Behind the scenes, however, diplomacy again widened war aims during 1917. In February, France and Russia agreed on gains at German expense in east and west in the Doumergue Agreement, and Britain and Japan agreed on the disposal of Germany’s colonies in the Pacific. In April, Britain and France offered Italy a share of the spoils of the Ottoman Empire. At three conferences at Bad Kreuznach, Germany, in April, May, and August 1917, again Germany and Austria-Hungary agreed upon annexations, principally in Eastern Europe. On the other hand, diplomats made secret attempts at a diplomatic settlement.

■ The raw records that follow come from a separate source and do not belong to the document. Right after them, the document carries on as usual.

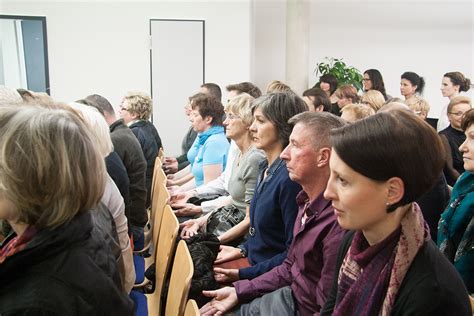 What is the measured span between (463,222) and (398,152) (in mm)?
1222

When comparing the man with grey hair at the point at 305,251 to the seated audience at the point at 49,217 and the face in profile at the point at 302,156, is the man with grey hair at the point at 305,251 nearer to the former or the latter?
the face in profile at the point at 302,156

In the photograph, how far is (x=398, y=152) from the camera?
3.73ft

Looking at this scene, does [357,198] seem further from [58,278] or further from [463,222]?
[463,222]

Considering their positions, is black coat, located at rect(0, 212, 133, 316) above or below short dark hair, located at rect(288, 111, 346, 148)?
below

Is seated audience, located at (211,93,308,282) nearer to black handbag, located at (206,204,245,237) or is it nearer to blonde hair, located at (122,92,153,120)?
black handbag, located at (206,204,245,237)

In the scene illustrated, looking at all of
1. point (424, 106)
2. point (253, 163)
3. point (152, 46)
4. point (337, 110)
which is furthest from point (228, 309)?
point (152, 46)

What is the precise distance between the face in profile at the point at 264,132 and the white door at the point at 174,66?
14.1 ft

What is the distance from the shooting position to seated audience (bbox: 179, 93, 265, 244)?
9.05 feet

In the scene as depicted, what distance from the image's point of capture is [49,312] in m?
0.98

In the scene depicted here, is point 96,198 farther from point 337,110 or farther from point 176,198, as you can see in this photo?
point 337,110

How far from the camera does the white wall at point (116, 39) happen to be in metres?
6.50

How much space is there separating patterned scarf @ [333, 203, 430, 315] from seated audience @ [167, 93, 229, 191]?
7.80 ft

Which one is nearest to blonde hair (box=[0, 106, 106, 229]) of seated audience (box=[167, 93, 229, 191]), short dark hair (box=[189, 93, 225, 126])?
seated audience (box=[167, 93, 229, 191])

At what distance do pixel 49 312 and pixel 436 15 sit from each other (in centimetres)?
878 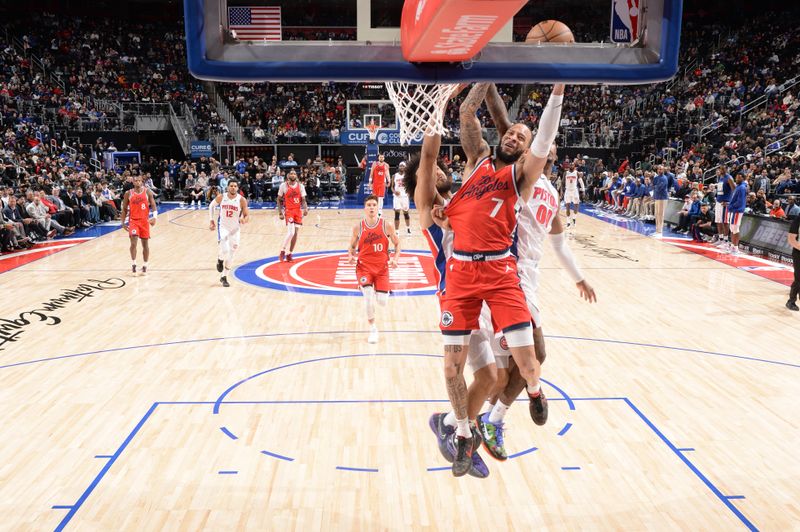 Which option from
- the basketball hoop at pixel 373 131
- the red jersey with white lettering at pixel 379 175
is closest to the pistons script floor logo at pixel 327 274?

In September German Foreign Minister Kuhlmann approached Britain, offering to give up Germany’s gains in the west for a free hand in the east.

During the winter of 1917–1918 the peace talks between the Russians and Germans provided another opportunity for a general peace. The western powers resisted any peace of compromise brokered by socialists. Instead, in separate addresses in January 1918, Lloyd George (his Caxton Hall speech) and Wilson (his Fourteen Points speech) reaffirmed their liberal democratic ideals. Germany eventually imposed a harsh peace on the defeated Russians through the Brest-Litovsk Treaty of March 1918.

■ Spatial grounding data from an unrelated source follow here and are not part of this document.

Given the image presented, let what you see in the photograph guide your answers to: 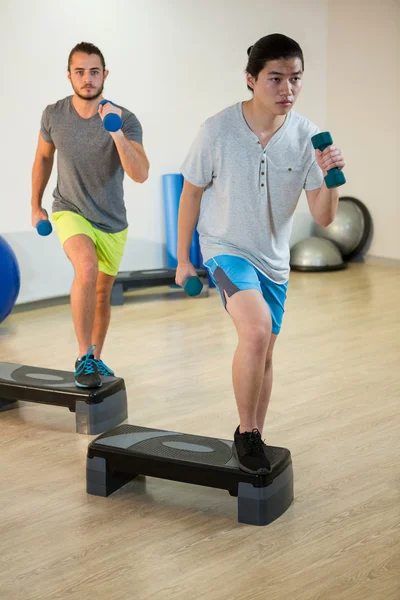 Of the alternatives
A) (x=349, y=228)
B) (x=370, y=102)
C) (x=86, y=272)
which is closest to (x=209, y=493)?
(x=86, y=272)

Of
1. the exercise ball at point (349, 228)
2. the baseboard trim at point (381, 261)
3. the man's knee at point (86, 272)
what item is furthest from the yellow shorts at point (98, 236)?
the baseboard trim at point (381, 261)

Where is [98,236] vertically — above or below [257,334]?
above

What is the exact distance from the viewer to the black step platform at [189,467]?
8.55 ft

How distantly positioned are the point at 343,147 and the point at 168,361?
Answer: 4060mm

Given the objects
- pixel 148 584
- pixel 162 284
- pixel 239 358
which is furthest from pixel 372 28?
pixel 148 584

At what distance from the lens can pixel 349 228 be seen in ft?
24.6

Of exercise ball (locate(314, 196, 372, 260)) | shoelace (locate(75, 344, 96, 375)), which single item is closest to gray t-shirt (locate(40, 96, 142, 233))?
shoelace (locate(75, 344, 96, 375))

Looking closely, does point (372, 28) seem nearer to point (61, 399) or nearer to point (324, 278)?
point (324, 278)

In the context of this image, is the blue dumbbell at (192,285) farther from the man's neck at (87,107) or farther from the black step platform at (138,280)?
the black step platform at (138,280)

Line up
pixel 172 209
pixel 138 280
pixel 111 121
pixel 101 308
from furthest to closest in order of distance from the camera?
pixel 172 209 < pixel 138 280 < pixel 101 308 < pixel 111 121

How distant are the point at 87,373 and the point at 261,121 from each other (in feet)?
4.39

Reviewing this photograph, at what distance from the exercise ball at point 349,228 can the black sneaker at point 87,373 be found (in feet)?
14.3

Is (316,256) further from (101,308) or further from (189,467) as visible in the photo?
(189,467)

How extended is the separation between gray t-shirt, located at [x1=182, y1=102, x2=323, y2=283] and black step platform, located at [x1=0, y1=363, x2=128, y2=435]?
39.4 inches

In spite of growing domestic discontent inside Germany, the German Army High Command insisted on a vast offensive to achieve a victory in France before U.S. troops could arrive in strength. The offensive was launched on 21 March 1918 and was initially successful. Allied counterattacks in July and August threw back the offensive, however, and an inexorable German retreat began. By September the military crisis was so serious that the German Army High Command buckled. A reformist government of liberals, democrats, and socialists was formed under Prince Max of Baden to pursue both domestic democratization and a negotiated peace. This government applied to Wilson for an armistice. The armistice was signed on 11 November 1918.

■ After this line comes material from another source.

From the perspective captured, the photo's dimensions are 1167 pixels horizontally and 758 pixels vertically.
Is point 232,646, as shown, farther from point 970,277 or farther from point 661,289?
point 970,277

The consequences of the war for Europe and the rest of the world in the twentieth century were enormous. The war transformed the territorial boundaries of Europe: three great conservative empires—the Russian, the German, and the Austro-Hungarian—were swept away. New states were created in Eastern Europe, most notably Poland, Czechoslovakia, and Yugoslavia. Huge social changes were starkly revealed. The “socialism of the trenches” undermined notions of class privilege. Democratic expectations were heightened, but disenchantment followed. The idea of “separate spheres” in gender relations was both challenged by women’s wider experience of work and reinforced by war propaganda lauding masculine militarism. The war radicalized the political ideologies of the prewar era. Liberalism wilted. The schism between democratic and revolutionary socialists became unbridgeable. Communism, promising liberation from capitalism and imperialism, was catapulted into world politics. Fascism (and National Socialism) erupted in response, promising salvation from Communism through militarist values, authoritarian politics, and racial purity. The propaganda techniques so ruthlessly deployed during the war to manage the masses inspired the dictators of the interwar years. The enormous cost of the war, which produced huge internal and international debts, contributed to the persistent postwar economic dislocation. In cultural terms the war provoked a pervasive cynicism, tension between the generations, religious doubt, and a profound antimilitarism. A vibrant and critical modernism emerged.